雨とみどりをまちに取り入れた「雨水小路」のアイデアスケッチ
「下町× 雨・みどりプロジェクト」は、都会のくらしの中に雨とみどりの循環をつくり出す取り組みです。開発が進んだ都市部では、雨が浸み込む地面が少なくなり、降る雨のおよそ半分が下水道に流れ込みます。
さらに近年、気候変動の影響から短時間に激しい雨が降る頻度が高くなる傾向にあり、下水道で引き受けきれない雨がまちに溢れて洪水になったり、汚水とともに川や海に流れ出て、水質汚濁の原因にもなっています。
こうした事態に対し、降る雨を一時的に蓄える「雨水タンク」、雨どいからの雨を植栽に導く「雨水プランター」や「レインガーデン」などのNbS(Nature-based Solutions= 自然を基盤にした解決策)と言われる手法が用いられはじめています。災害の解決策として期待されるだけでなく、都市部に豊かなみどりをもたらしてくれます。
このプロジェクトでは、これらを取り入れて、これまでも雨水活用の実践を重ねてきた東京都墨田区を拠点に、新たな取り組みを進めます。災害脆弱地域と言われる東京都墨田区で、地域防災や地域活性化イベントと連動する新たな「雨水活用のシンボルスポット」(小規模分散型雨水管理モデル)を創出していきます。地域に暮らす方々をはじめ、多くの関係機関と連携し、共に学びながら実践を重ね、同様のモデルを全国に普及するための足がかりとします。
雨を蓄え、みどりを育む一人ひとりの小さな積み重ねが、安全で心地よくくらせるまちづくりにつながります。あなたもぜひこのプロジェクトに参加しませんか?

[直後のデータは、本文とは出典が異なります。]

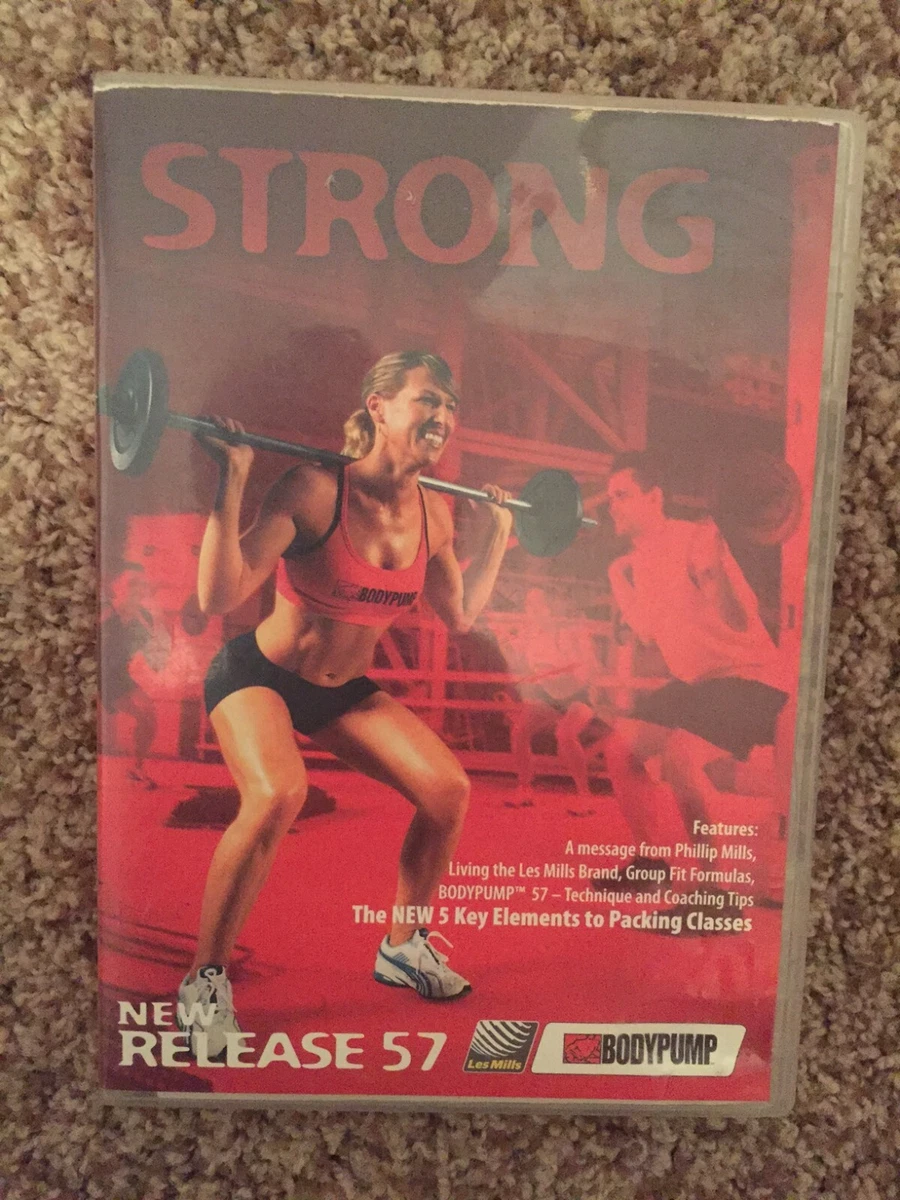Ebay les mills body pump cheap
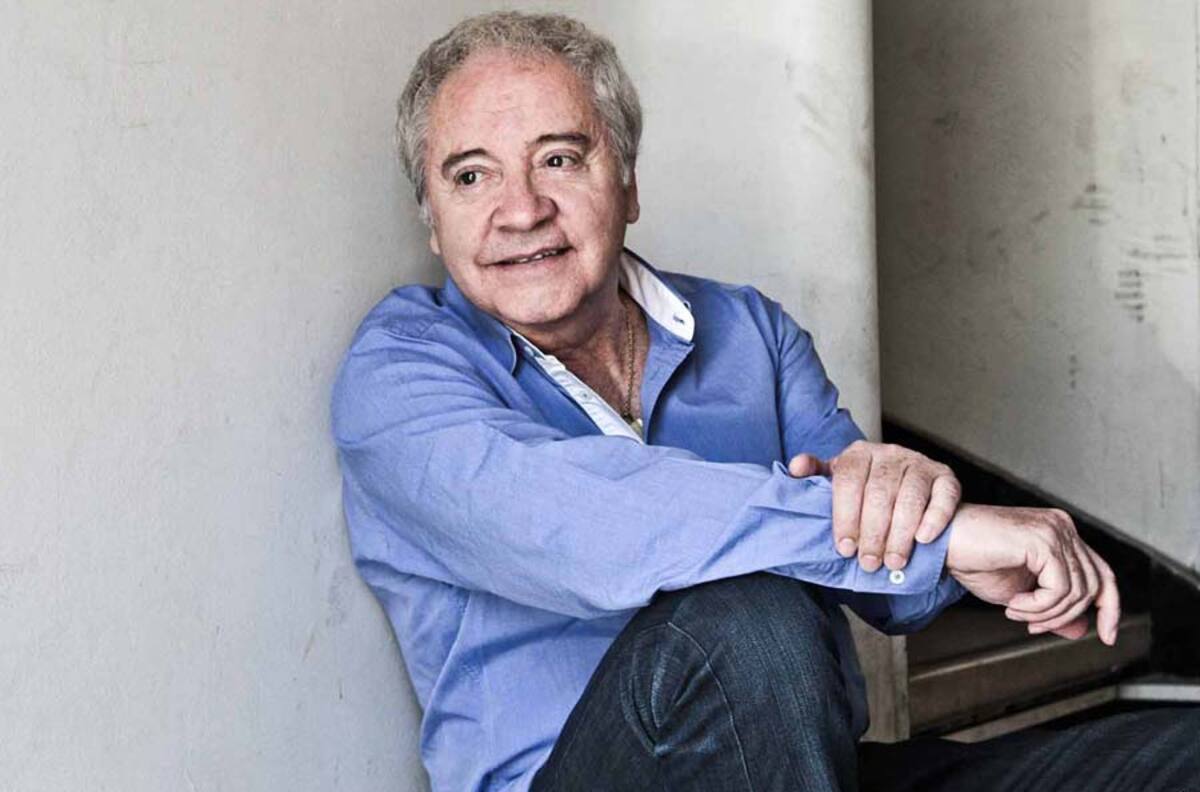 Pollo Fuentes sobre sus 54 años en la música: "En los años 60 y 70 era más fácil poder destacarte como cantante"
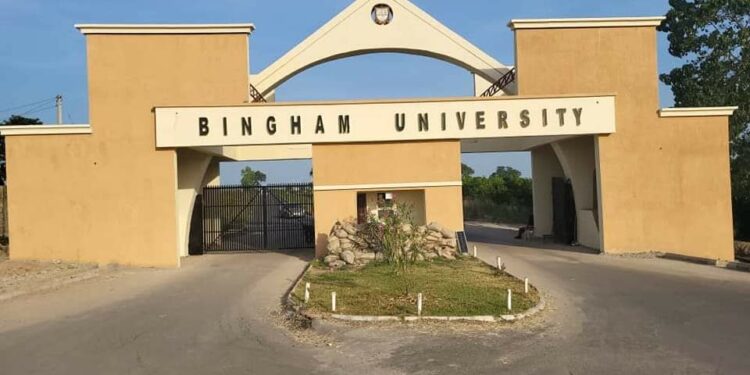 Bingham University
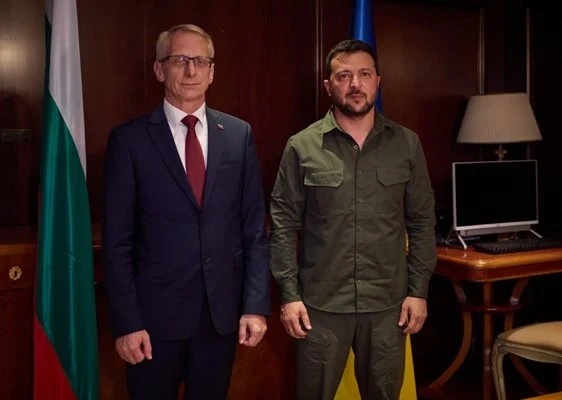 Денков: България остава солидарна с Украйна, Русия не може да спечели тази война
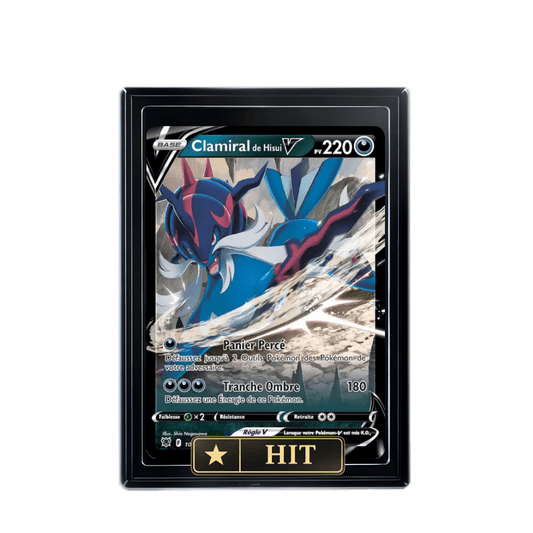 CLAMIRAL V - The Lucky Hand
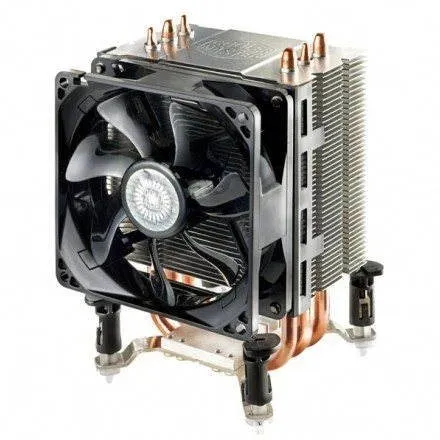 Chladič procesora Cooler Master Hyper TX3 EVO, socket AM2, AM2+, AM3, AM3+, FM1, FM2 a F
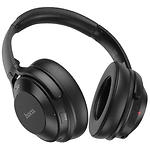 Изображение HOCO W37 Black (6931474790415) наушники с микрофоном накладные, Bluetooth 5.3 #2 Фото HOCO W37 Black (6931474790415) наушники с микрофоном накладные, Bluetooth 5.3 #2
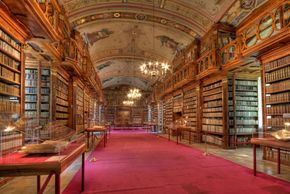 Stiftsbibliothek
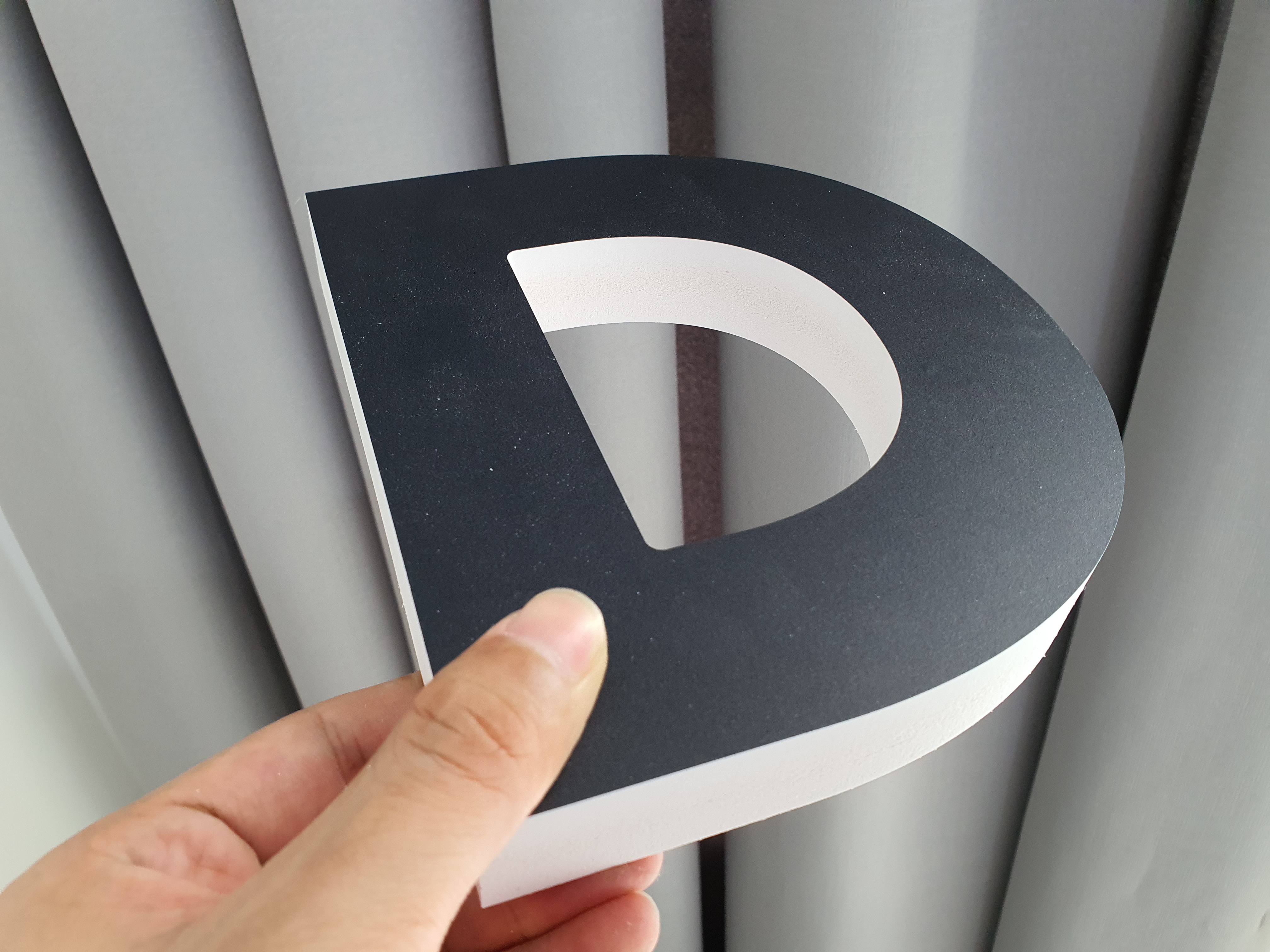 PVC 3D Signage Printing Malaysia
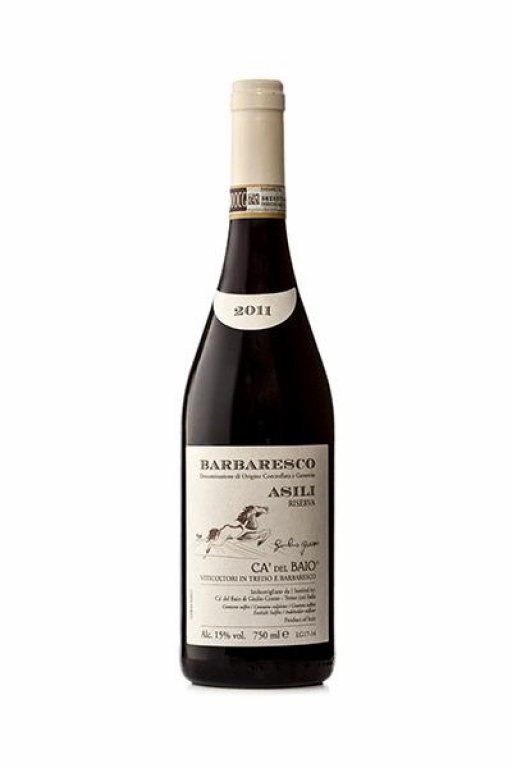 Barbaresco "Asili" Riserva DOCG 2016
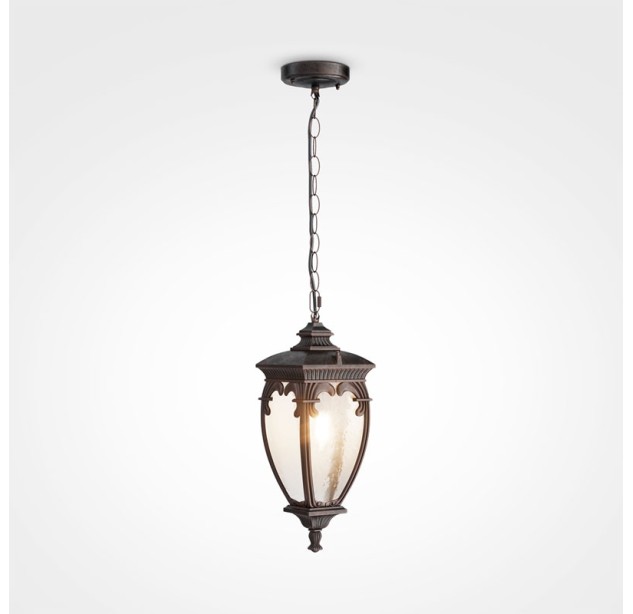 Pakabinamas lauko šviestuvas FLEUR O414PL-01BZ Pakabinamas lauko šviestuvas FLEUR O414PL-01BZ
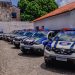 Guarda Civi de JP recebe novas viaturas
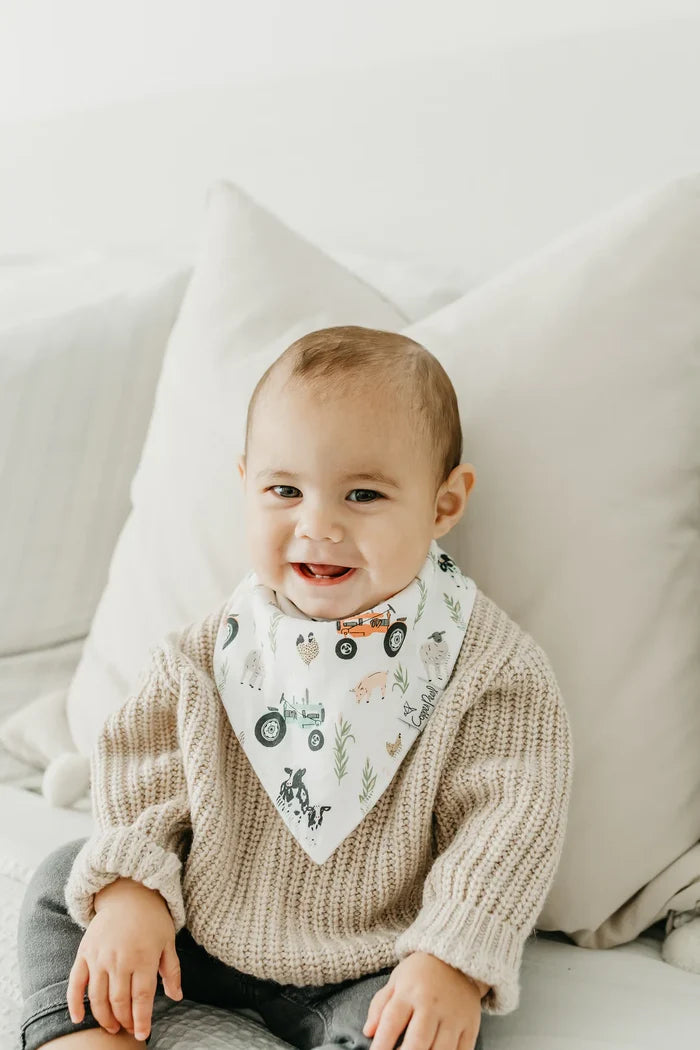 Bandana Bib Neutral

災害脆弱地域と言われる墨田区京島地域は、長屋や路地の景観を残すまちでもあります。まちに溶け込む、複数の小さな「雨水活用とみどりの拠点」を市民の手でつくり、都市で取り組むNbS のモデルとします。
まちあるきやアンケートを通し、活動エリアでの雨水活用・緑化の現状を調査します。また、雨水を貯める新たな拠点を設け、下水道に流れ込む量を減らす(流出抑制)効果を検証し、雨水タンクや雨水プランターを防災・減災に活かすための「運用マ
ニュアル」をつくり、 行政に提言します。
S N S や広報物を用いたり、現地見学ツアー等企画・実施して、活動の意義を広く発信します。また雨水活用や水循環に関わるネットワークを通じ、連携して、全国に活動を紹介します。
開発が進んだ墨田区北部地域では、小規模なNbS の取り組みを集積することで下水道への雨水の流出を抑えることが重要です。みどりと組み合わせれば、まちの景観にも潤いをもたらすことが期待できます。みどり豊かな環境を育みながら、気候変動への適応をめざすこれからのライフスタイルです。
雨樋プランター:
屋根と下水道との間で雨を蓄えます
たて樋を下水道から切り離し、
ミニガーデンに雨を導きます
軒先やスキマにも雨が浸み込む
「レインガーデン」がつくれます
DIY 雨水タンク:
自ら作って設置、活用します
地域の「路地尊・天水尊」を活かし、
みどりを育みます
プロジェクトの拠点である東京都墨田区は、東京都東部の低地に位置し、周囲を河川や水路に囲まれています。1980 年前後には、急激な都市化で地面がコンクリートで覆われ、雨が浸み込みにくくなったことによる都市型洪水が頻発しました。その対策として、まちのあちこちで雨を蓄える雨水貯留の取り組みが始まりました。1995 年に設立された雨水市民の会は、行政と連携して雨水タンクの開発・普及などに取り組んできました。
様々な関係機関と連携・連動し、地域住民と共に活動します。